GPUDirect RDMA Setup and Verification on Kubernetes

💡 Quick Answer: GPUDirect RDMA allows the NIC to read/write GPU memory directly without CPU involvement, reducing latency by ~50% and increasing bandwidth by 30-50% for inter-node GPU communication.
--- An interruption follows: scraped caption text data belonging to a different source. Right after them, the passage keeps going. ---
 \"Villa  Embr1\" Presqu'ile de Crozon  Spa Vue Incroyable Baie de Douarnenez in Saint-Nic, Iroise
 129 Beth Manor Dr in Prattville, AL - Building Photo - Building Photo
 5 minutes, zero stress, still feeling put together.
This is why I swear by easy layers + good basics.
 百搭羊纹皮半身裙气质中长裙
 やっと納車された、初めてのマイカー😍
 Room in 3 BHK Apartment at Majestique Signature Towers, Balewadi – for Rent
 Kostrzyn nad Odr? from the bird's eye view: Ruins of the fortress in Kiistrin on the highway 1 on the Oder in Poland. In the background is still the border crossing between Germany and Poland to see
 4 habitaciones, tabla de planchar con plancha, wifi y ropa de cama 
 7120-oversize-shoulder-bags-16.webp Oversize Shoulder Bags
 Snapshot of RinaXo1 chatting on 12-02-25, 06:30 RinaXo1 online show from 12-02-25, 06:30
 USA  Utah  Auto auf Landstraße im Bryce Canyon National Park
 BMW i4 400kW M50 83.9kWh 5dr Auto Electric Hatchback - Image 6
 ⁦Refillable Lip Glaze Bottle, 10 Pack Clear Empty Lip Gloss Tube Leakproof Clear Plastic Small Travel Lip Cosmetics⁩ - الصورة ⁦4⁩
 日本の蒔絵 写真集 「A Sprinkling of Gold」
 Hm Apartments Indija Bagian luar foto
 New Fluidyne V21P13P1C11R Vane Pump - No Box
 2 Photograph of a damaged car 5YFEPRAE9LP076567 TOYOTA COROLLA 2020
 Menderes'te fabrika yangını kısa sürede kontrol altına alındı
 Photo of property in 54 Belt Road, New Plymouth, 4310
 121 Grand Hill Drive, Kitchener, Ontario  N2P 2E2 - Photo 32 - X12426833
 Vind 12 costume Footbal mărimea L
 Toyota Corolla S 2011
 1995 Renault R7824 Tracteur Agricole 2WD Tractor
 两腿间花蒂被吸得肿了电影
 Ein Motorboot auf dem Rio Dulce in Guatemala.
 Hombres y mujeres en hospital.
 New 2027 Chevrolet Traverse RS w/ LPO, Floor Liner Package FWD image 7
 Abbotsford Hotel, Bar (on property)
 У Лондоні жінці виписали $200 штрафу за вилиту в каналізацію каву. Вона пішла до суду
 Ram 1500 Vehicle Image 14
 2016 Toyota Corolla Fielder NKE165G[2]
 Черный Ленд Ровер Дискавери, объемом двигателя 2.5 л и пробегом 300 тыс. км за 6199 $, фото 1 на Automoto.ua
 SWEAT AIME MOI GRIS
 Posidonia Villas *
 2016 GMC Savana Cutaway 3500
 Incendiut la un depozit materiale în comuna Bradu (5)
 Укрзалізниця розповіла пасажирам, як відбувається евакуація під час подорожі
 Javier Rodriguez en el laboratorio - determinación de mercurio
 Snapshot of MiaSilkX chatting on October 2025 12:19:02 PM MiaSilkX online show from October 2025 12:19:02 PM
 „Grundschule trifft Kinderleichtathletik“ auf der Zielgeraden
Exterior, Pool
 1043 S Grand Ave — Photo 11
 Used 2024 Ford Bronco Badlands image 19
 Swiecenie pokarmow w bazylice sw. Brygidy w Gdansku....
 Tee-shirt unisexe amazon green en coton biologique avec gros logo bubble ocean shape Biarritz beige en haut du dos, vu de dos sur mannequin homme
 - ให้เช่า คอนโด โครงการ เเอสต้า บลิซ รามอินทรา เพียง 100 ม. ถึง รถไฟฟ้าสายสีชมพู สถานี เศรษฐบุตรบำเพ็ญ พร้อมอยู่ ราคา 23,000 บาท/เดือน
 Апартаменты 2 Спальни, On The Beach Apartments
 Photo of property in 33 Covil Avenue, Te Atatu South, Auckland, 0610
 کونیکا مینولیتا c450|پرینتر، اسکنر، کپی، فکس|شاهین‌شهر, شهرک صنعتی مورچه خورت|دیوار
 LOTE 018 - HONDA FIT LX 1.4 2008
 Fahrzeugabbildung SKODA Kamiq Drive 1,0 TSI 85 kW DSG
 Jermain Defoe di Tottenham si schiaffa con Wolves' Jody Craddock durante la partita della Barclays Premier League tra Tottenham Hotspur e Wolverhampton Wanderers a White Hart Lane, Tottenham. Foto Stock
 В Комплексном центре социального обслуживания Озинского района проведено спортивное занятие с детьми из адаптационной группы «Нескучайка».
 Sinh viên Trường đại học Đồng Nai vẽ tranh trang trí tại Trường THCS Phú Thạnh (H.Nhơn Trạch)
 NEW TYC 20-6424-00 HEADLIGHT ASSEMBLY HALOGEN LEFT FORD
Enable with: modprobe nvidia-peermem, verify with cat /sys/module/nvidia_peermem/version, and confirm in NCCL logs by checking for /GDRDMA suffix on NET/IB channels.

The Problem

Inter-node GPU communication routes data GPU → CPU memory → NIC (two extra copies)
Without GDRDMA, NCCL falls back to host staging — wastes PCIe bandwidth and adds latency
Need to verify GPUDirect RDMA is actually active (not just configured)
nvidia-peermem module may not load automatically after driver install
DMA-BUF kernel support required but may be missing on older kernels

The Solution

Enable nvidia-peermem

# Load the nvidia-peermem kernel module
modprobe nvidia-peermem

# Verify loaded
lsmod | grep nvidia_peermem
# nvidia_peermem    16384  0

# Check version
cat /sys/module/nvidia_peermem/version
# 2.0

# Make persistent across reboots
echo "nvidia-peermem" >> /etc/modules-load.d/nvidia-peermem.conf

Verify DMA-BUF Support

# DMA-BUF is required for modern GPUDirect RDMA (kernel 5.12+)
# Check kernel support
grep CONFIG_DMA_SHARED_BUFFER /boot/config-$(uname -r)
# CONFIG_DMA_SHARED_BUFFER=y

# Verify NVIDIA driver exposes DMA-BUF per GPU
ls /sys/bus/pci/devices/0000:*/dma_buf_supported 2>/dev/null
# If exists, DMA-BUF is available

# In NCCL logs, look for:
# NCCL INFO DMA-BUF is available on GPU device 0
# NCCL INFO DMA-BUF is available on GPU device 1
# ... (must appear for EACH GPU)

GPU Operator Configuration for GDRDMA

# ClusterPolicy with GPUDirect RDMA enabled
apiVersion: nvidia.com/v1
kind: ClusterPolicy
metadata:
  name: cluster-policy
spec:
  operator:
    defaultRuntime: containerd
  driver:
    enabled: true
    rdma:
      enabled: true        # Loads nvidia-peermem automatically
      useHostMofed: true   # Use host-installed MLNX_OFED
  devicePlugin:
    enabled: true
  gfd:
    enabled: true

OpenShift MachineConfig for nvidia-peermem

apiVersion: machineconfiguration.openshift.io/v1
kind: MachineConfig
metadata:
  name: 99-nvidia-peermem
  labels:
    machineconfiguration.openshift.io/role: gpu-worker
spec:
  config:
    ignition:
      version: 3.4.0
    storage:
      files:
        - path: /etc/modules-load.d/nvidia-peermem.conf
          mode: 0644
          contents:
            source: data:,nvidia-peermem

Verify GDRDMA in NCCL

# Run with NCCL_DEBUG=INFO
export NCCL_DEBUG=INFO
export NCCL_NET_GDR_LEVEL=5    # Use GDRDMA at all topology distances

# In output, look for:
# ✅ GOOD — GDRDMA active:
# NCCL INFO Channel 00/0 : 0[0] -> 8[0] [send] via NET/IB/0/GDRDMA

# ❌ BAD — GDRDMA not active:
# NCCL INFO Channel 00/0 : 0[0] -> 8[0] [send] via NET/IB/0
# (no /GDRDMA suffix = data stages through CPU memory)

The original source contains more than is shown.